てくのすけ

許されざる者のてくのすけのレビュー・感想・評価

許されざる者(1992年製作の映画)
4.0
すっかり一般人のマニー、同じく年配で性欲だけは強いネッド、どう見てもいきがってるだけの若造キッドと不安しかない賞金稼ぎの一行と、一方は恐怖の暴力保安官という対峙の構図が示されるも、これが必ずしもカタルシスに結びつかないのが異質。

過去は全く描かれないのもあって、昔は恐ろしいガンマンだったという雰囲気がマニーにはまるでない。幼い娘にパパは人殺しなの?と問われ、キッドには殺しを武勇伝のように扱われ、ダゲットに人殺しと罵られる、そこにあるのは逃れられない過去のみ。
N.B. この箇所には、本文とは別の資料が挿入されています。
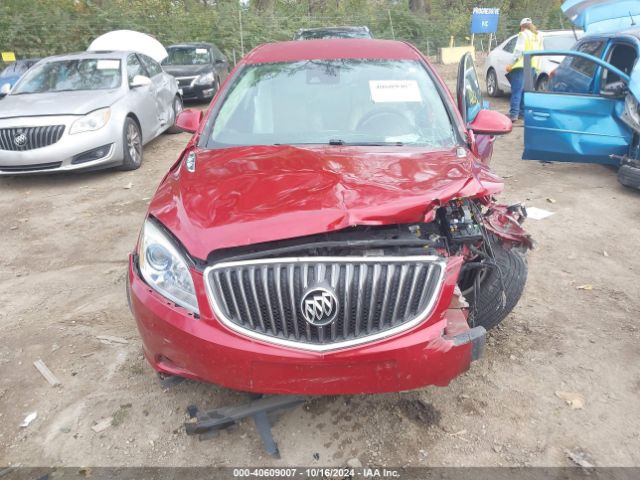 1G4PR5SK4E4199632 Buick Verano Convenience Group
さらに本意ではない殺しの依頼。「亡き妻に救われた」と語るマニーが、食うためにまたその手を血に染めようとするのがいたたまれない。

人を殺すことには覚悟が必要だ。逆に殺されるかもしれないという覚悟。そして許されない過去を背負うことになる覚悟。女の顔を傷付けたというのは状況を知った時点で理由にはなり得なくなるのに、相棒を失ったことがスイッチとなり昔に戻ってしまう。後にはやるせなさだけが残るのを知りつつ、それでも引き金を引く。それは自分の魂は救われないという覚悟。そして男は許されざる者となる。